Quantitative and Qualitative Analysis of Posttranslationally Modified Proteins
Peptides and Proteins
Published Online: 15 SEP 2011
Copyright © 2000 John Wiley & Sons, Ltd. All rights reserved.
Encyclopedia of Analytical Chemistry
How to Cite
Sharp, J. S. 2011. Quantitative and Qualitative Analysis of Posttranslationally Modified Proteins. Encyclopedia of Analytical Chemistry. .
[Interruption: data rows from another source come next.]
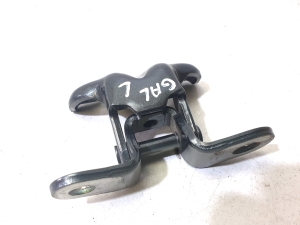 Hyundai Tucson (2015–2026) Rear side door upper hinge A046057 - 2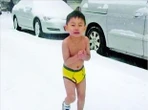 Cậu bé từng bị bố bắt cởi trần chạy trong tuyết, được giáo dục kiểu đại bàng, hiện ra sao sau 12 năm?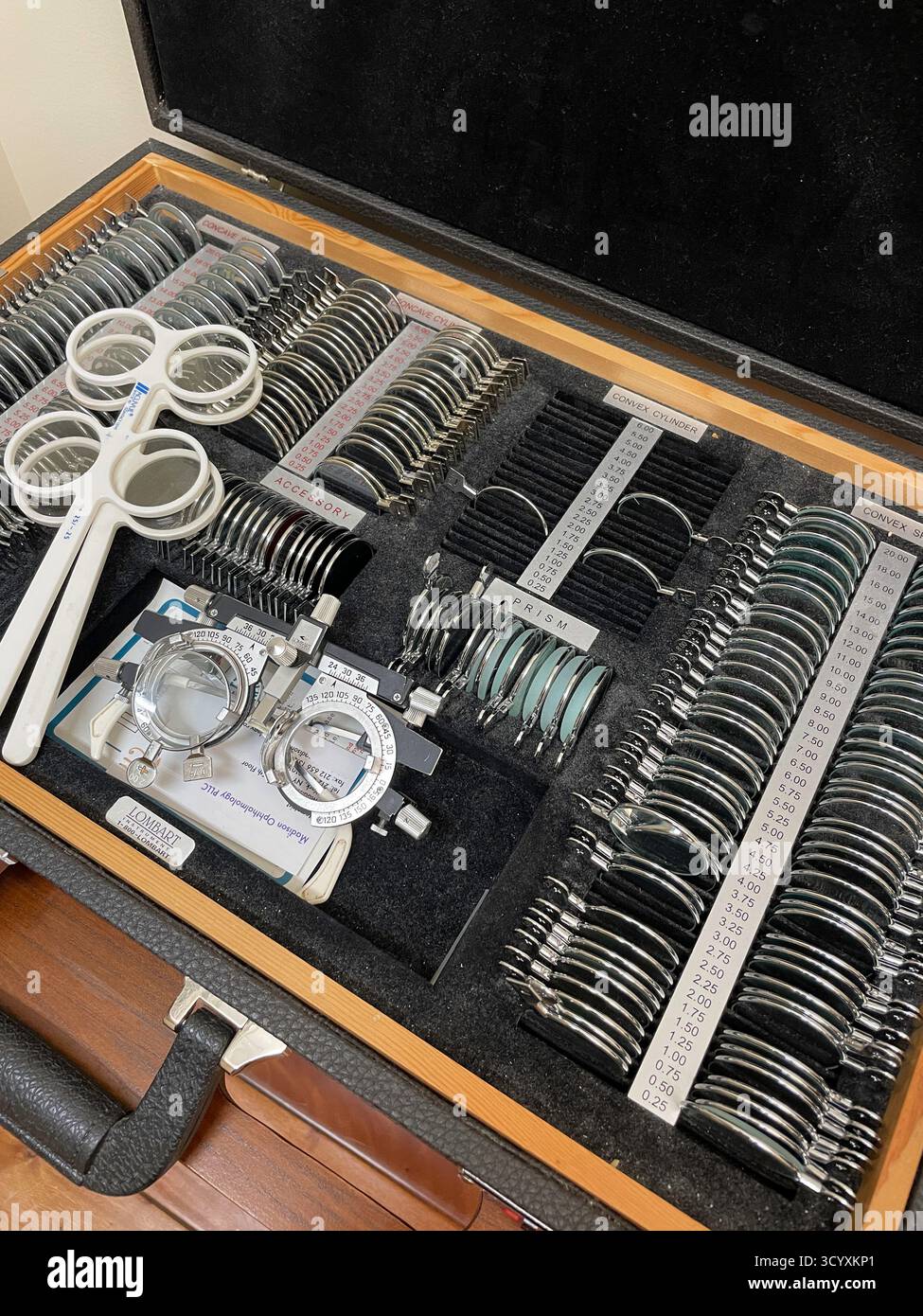 STILL Life of a Lens test set in un ufficio oftalmologia, 2025, New York City, Stati Uniti Foto Stock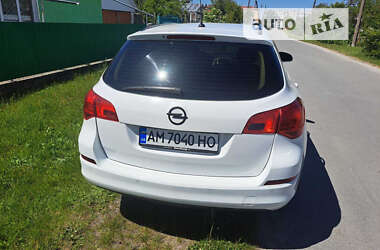 Універсал Opel Astra 2012 в Звягелі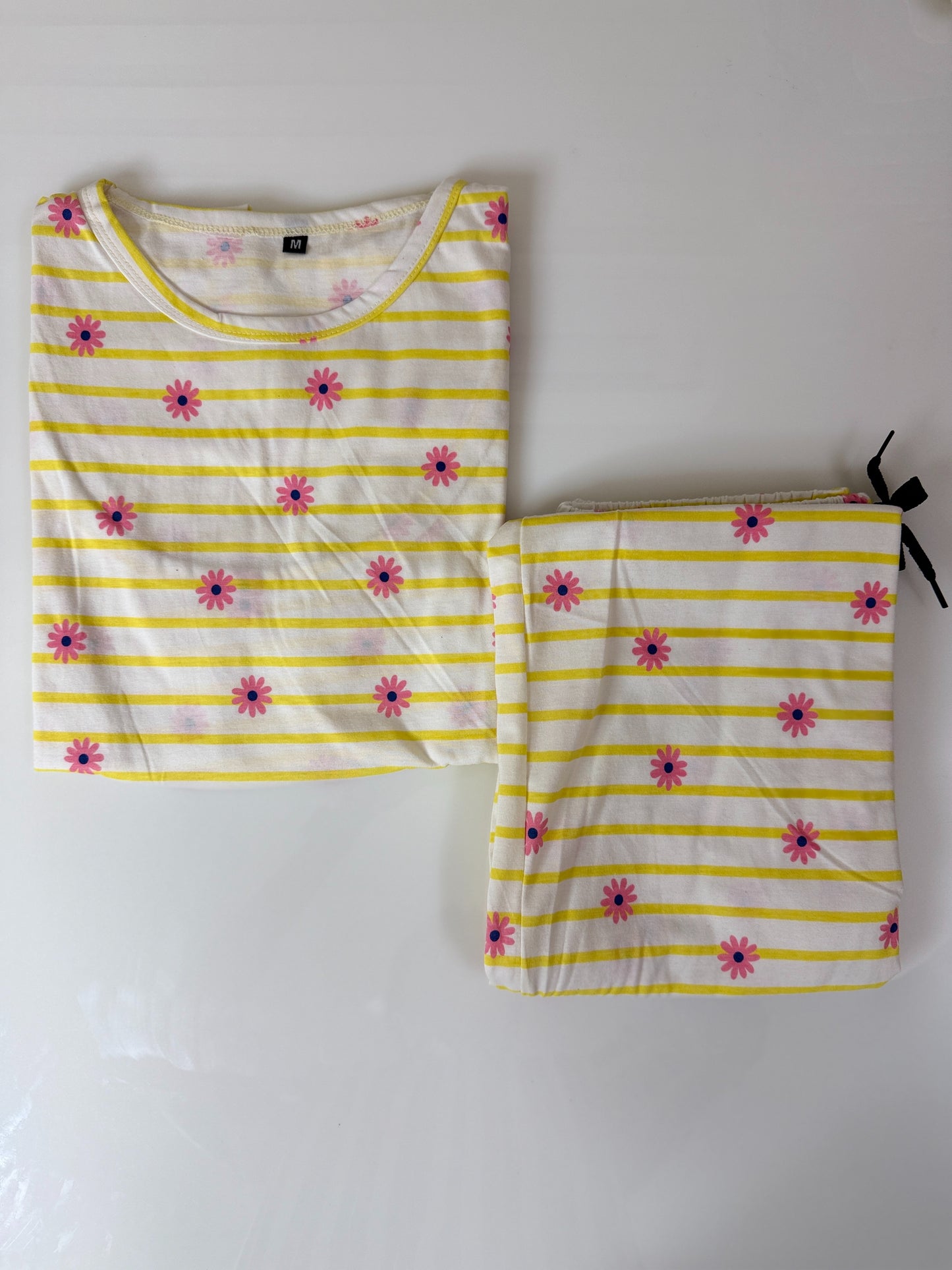 White Floral Striped Feeding T-shirt And Pants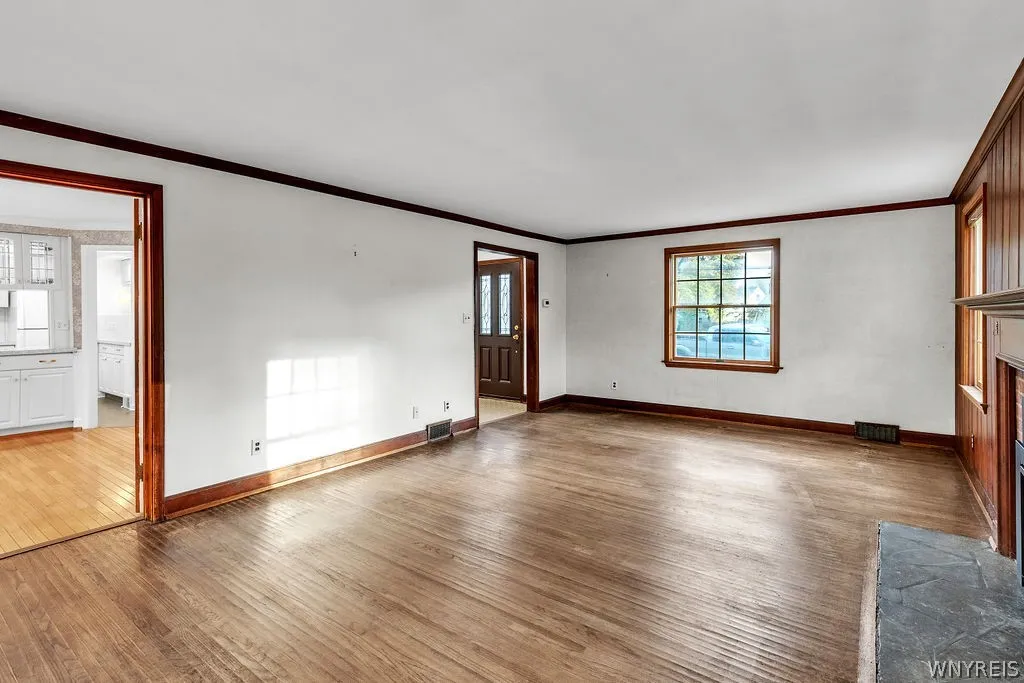 758 Pasadena Avenue, Niagara Falls, New York 14304, Niagara Falls, New York 14304, 3 Bedroom Bedrooms, 9 Room Rooms,1 BathroomBathrooms,Residential,For Sale,758 Pasadena Avenue, Niagara Falls, New York 14304,0,B1724992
- Published Online: 15 SEP 2011
The majority of proteins are posttranslationally modified. Posttranslational modifications (PTMs) have been found to modify a wide variety of biological and biophysical properties, including structure, biophysical stability and dynamics, enzymatic activity, protein-protein interactions, protein-ligand interactions, and protein half-life within the cell. Virtually every analytical technique that can be used to analyze proteins in general can and has been used to analyze posttranslationally modified proteins. A vast array of both enzymatic and nonenzymatic protein modifications have been identified and characterized, which can make comprehensive analyses of all possible modifications difficult. Owing to the enormous scope of this topic, this article focuses on the analytical techniques that are probably most broadly applicable and widely used for wide-scale analyses of posttranslationally modified proteins, namely mass spectrometry (MS) coupled to various separations technologies. Some technical and experimental details on the analyses of three heavily studied classes of PTM have been provided — phosphorylation, N-linked glycosylation, and nonenzymatic oxidation. While we will be using these three classes of modifications in order to provide focus to our discussion, we will attempt to use these specific examples to illustrate broadly applicable techniques, as well as issues that often lead to difficulties and conflict between the experimental designs required for thorough quantitative and qualitative analyses of posttranslationally modified proteins.